_Excerpted data_
##########

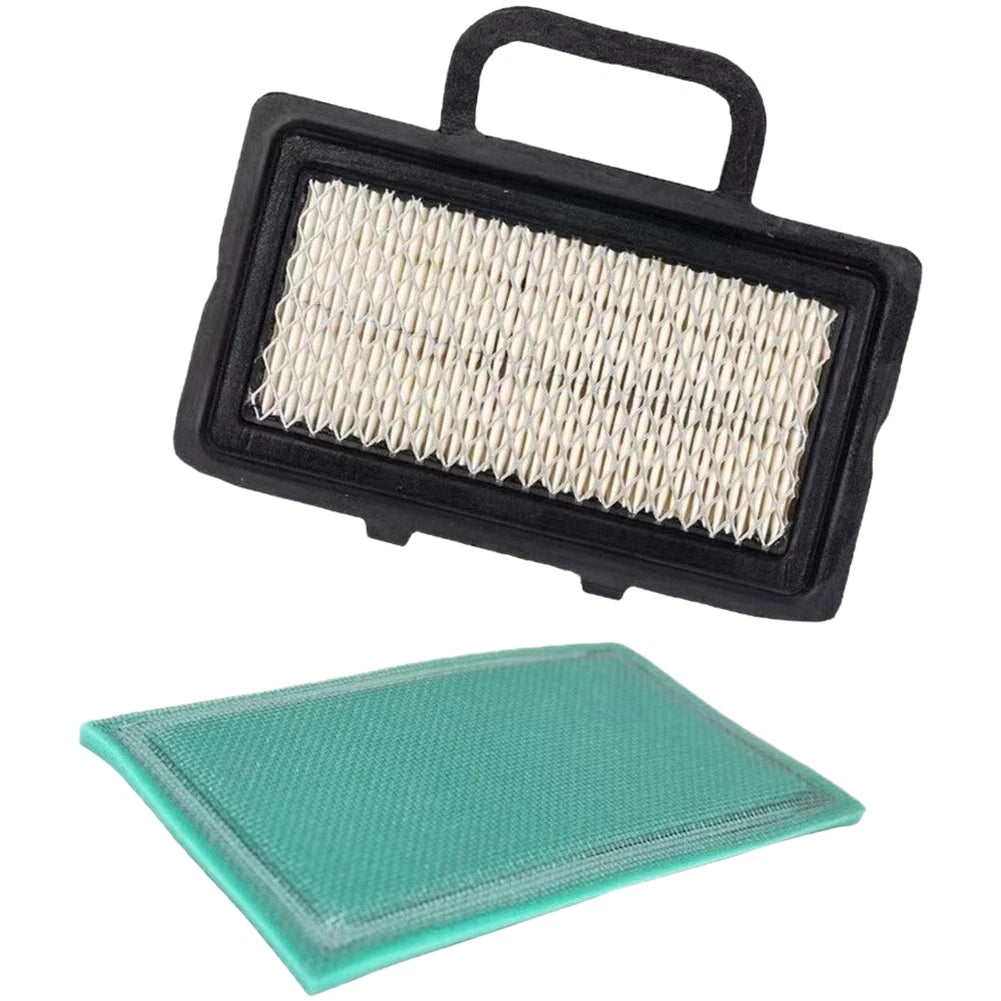 Air Filter with Pre Filter for INTEK V Twin Engines (792101, 273638S, 672772)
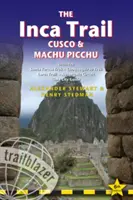 El Camino Inca, Cusco y Machu Picchu: Incluye Santa Teresa Trek, Choquequirao Trek, Lares Trail, Ausangate Circuit & Lima City Guide - The Inca Trail, Cusco & Machu Picchu: Includes Santa Teresa Trek, Choquequirao Trek, Lares Trail, Ausangate Circuit & Lima City Guide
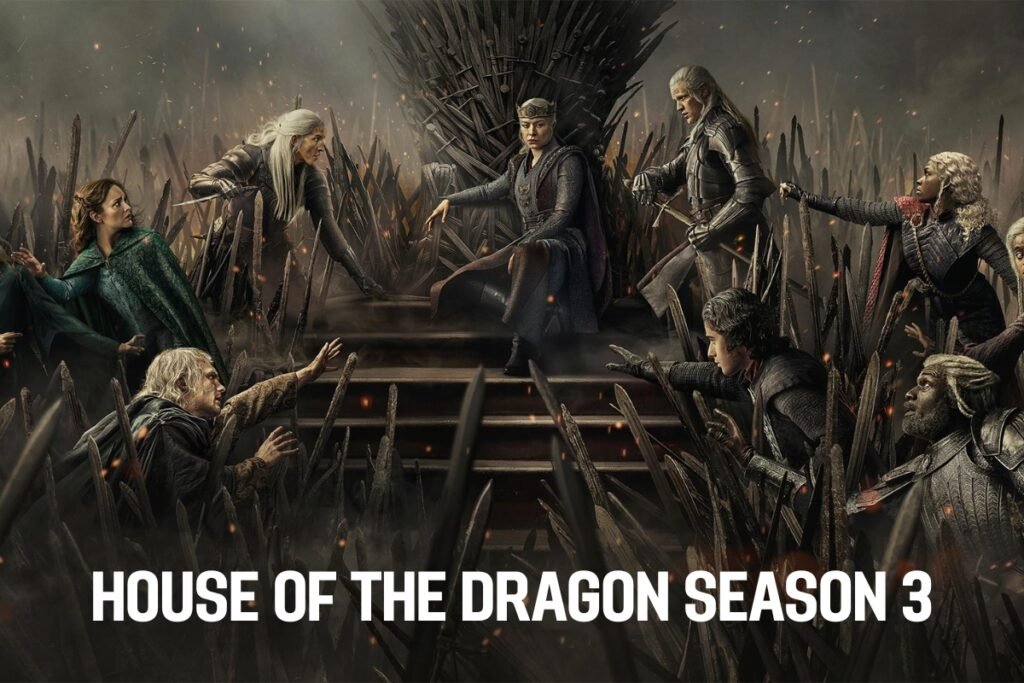 house of the dragon season 3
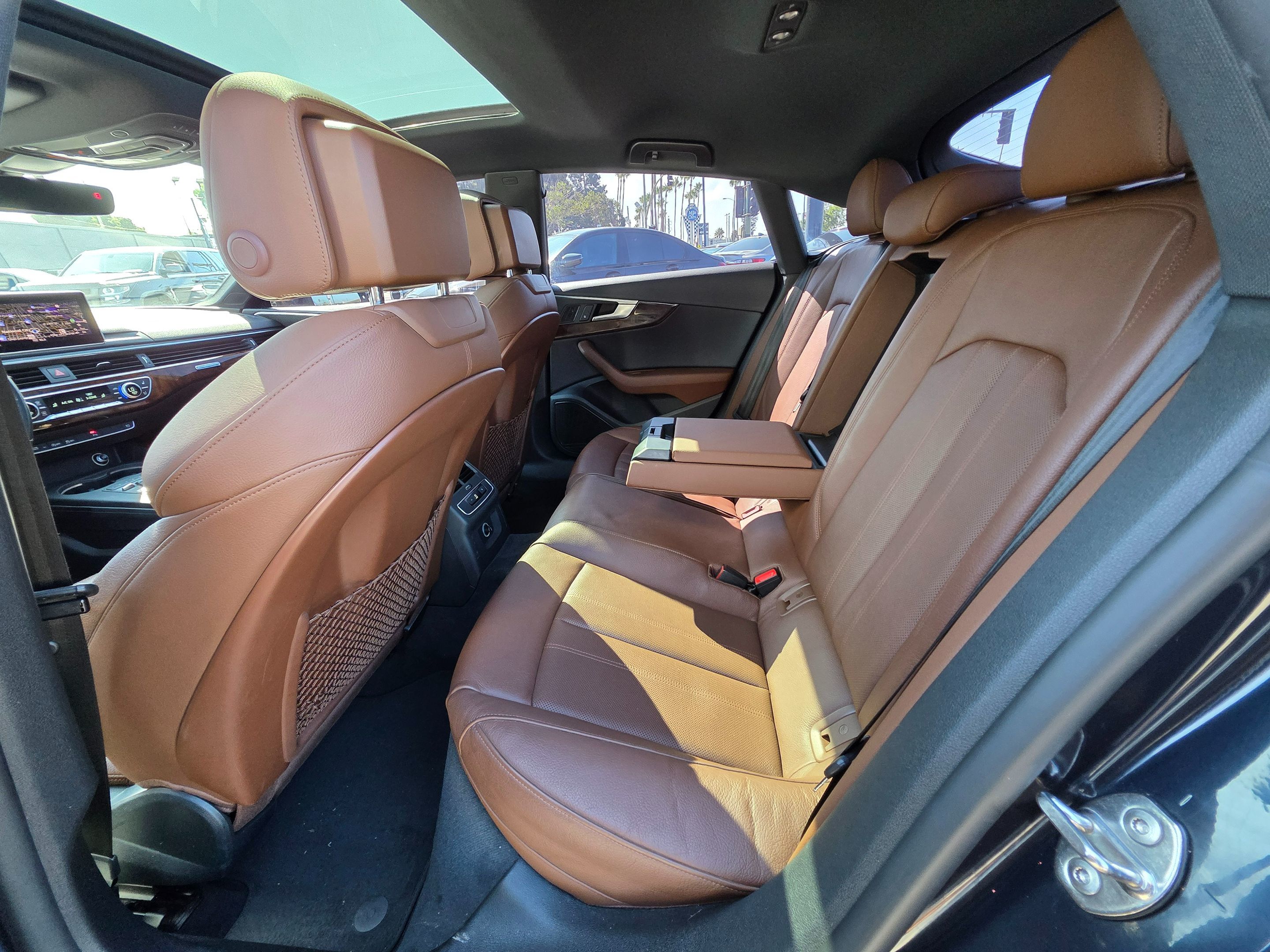2018 Audi A5 Premium Plus Quattro photo 13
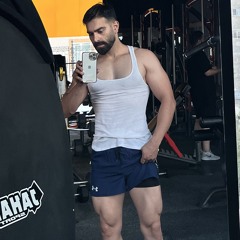 Shahriarsabeti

##########

_Assigned task_
Write out verbatim the lines from the one containing "2018 Audi A5 Premium Plus Quattro photo 13" through the last line of the listing above, and no other lines; omit pictures.

_Answer box_
2018 Audi A5 Premium Plus Quattro photo 13
 Shahriarsabeti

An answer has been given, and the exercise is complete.